Llego a la redacción y Rober, con la paciencia de siempre y su sonrisa irreductible, me brinda los buenos días. “¿Te has enterado?”, me pregunta. ¡Ya está! ¡Ya está aquí la buena nueva! ¡El fin se acerca, como predijeron las escrituras! “Han arreglado la calefacción”. Ah, pues no era. Bueno, el fin del mundo me pillará calentito al menos. Saludo a mi jefe al entrar como buen escudero que soy y me zambulló en la actualidad. Tal vez durante mi paseo matutino haya ocurrido, pero tampoco. Las noticias son las de siempre: que si un colapso en urgencias, que si una compañía anuncia un ERE para cientos de empleados, que si el Barça está en bancarrota pero va a fichar a Mbappé, que si sube el precio de la luz, y el de la gasolina, y el del queso, y el del tulipán negro (“¿Todavía hay tulipán negro?”, me digo)... No. Nada de nada. Ni un quiebro.
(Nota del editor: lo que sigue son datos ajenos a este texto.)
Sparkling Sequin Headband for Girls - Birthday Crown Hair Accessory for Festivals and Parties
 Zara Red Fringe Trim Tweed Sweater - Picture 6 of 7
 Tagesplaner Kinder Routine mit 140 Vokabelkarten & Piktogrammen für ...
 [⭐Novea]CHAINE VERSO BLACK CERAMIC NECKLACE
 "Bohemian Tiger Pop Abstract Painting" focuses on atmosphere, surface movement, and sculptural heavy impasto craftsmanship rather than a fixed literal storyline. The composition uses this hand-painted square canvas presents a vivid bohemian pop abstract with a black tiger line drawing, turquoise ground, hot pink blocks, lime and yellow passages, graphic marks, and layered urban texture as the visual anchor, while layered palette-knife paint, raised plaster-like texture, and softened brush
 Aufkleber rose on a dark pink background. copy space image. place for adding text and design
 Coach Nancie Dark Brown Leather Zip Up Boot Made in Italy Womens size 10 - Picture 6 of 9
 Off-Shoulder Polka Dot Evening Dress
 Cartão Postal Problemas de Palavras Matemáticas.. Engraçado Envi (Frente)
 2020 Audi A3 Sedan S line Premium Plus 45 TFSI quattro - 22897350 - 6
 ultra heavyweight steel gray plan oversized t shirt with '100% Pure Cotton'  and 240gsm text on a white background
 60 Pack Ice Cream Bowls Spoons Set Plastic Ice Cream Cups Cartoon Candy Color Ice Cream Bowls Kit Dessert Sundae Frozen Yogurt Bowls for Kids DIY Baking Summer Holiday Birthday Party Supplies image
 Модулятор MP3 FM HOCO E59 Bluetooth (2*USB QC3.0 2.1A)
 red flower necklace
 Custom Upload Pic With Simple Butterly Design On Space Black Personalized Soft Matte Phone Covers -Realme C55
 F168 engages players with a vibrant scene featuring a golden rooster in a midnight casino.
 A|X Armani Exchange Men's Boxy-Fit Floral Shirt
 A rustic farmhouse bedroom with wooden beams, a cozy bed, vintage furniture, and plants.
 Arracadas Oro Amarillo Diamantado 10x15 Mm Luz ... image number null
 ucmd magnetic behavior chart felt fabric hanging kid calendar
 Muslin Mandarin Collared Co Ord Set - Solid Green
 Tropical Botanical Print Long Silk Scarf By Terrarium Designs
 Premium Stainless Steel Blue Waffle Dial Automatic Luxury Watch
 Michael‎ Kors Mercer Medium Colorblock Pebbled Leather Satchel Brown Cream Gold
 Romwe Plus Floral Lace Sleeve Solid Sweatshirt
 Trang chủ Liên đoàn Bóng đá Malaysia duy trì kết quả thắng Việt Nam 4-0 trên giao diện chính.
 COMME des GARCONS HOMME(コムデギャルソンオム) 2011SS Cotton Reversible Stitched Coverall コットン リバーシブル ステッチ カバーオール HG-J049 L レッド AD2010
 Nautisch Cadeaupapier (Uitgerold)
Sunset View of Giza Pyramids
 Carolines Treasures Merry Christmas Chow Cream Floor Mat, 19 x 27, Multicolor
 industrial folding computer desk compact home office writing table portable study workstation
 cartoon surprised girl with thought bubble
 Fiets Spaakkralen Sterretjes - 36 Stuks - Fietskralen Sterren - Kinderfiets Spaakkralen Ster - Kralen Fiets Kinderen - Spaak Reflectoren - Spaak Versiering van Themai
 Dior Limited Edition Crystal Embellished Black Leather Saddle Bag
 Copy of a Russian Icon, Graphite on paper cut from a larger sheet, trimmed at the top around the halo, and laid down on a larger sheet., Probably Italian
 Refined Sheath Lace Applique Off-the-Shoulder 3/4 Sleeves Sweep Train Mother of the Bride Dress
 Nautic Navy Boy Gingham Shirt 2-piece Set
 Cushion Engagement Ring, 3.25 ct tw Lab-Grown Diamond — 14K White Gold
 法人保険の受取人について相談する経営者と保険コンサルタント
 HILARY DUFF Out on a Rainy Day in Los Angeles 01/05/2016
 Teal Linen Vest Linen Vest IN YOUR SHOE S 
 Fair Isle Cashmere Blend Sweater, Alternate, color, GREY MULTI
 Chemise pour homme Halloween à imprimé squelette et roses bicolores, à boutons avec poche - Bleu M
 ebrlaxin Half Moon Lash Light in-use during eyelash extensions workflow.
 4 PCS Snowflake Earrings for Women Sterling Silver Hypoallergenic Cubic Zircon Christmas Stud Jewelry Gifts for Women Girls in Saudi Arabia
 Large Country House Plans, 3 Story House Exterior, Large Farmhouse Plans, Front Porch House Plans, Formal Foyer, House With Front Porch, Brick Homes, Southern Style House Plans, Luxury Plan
Ni una raja. Ni un resquicio. Nada de nada de nada. 
 

Cumplo con mi jornada laboral con temor infinito (unos pasajeros que se han vuelto a quedar en tierra por un autobús que no pasa, una mujer asesinada a manos de su pareja, unos viejos de una residencia que se quejan porque no reciben una atención digna, otra mujer asesinada a manos de su ex, un bebé muerto por la guerra en Ucrania, o en Palestina, o en cualquier otro lugar civilizadamente salvaje…insisto, lo de siempre), como algo saboreando cada bocado como si fuese mi última cena, corro en la cinta del gimnasio como si me persiguiese la parca, incluso me permito el lujo de tomar un café con los amigos como si nada pasara, como si el mañana estuviese garantizado, como si el mundo no fuese a estallar de un momento a otro. Como si no estuviesemos todos condenados. 
 

Ha pasado otro día, y sin darme cuenta estoy duchado y de nuevo en pijama, metido en la misma cama en la que me desperté sobresaltado horas antes. Pues no, hoy tampoco era. Es raro, porque al ritmo que vamos, ya debería de haber sido, ¿no? Repaso mi día y ha sido un día anodino, pero bastante bueno. Como casi todos. Viene a mi cabeza una frase que me dijo una vez Miguel Lago, que puede ser sospechoso de ser de todo, menos poco ocurrente: “Siempre que va a pasar algo al final nunca pasa nada”. Y hasta ahora no ha fallado en su predicción. 

 

No obstante, hay personas que lo pronostican: en la puerta de Ferraz, en el Pazo do Hórreo, en el Congreso, en el Senado, en el Parlamento Europeo, incluso en la ONU… Se rompe España. Se lleva rompiendo un tiempo y es una rotura fulgurante y de kilómetros, según dicen. Pero yo no lo veo. Espero que la fractura haga un siete la pared de mi piso en cualquier momento y parta mi calle en dos en un surco que se adentre en el mar, pero no parece llegar. Me duermo, pensando en que mañana será el día en el que, definitivamente, se romperá España, como todos parecen augurar. Me despertaré exaltado y repetiré el mismo proceso, con alguna nueva sonrisa y algún viejo enfado, pero volveré a la rueda. Día tras día. Hasta que, esta vez sí, se rompa España. Se acaba el año, pero yo sigo esperando. Se me prometió que se rompería y no se rompe. Vamos, que se rompa, que yo lo vea.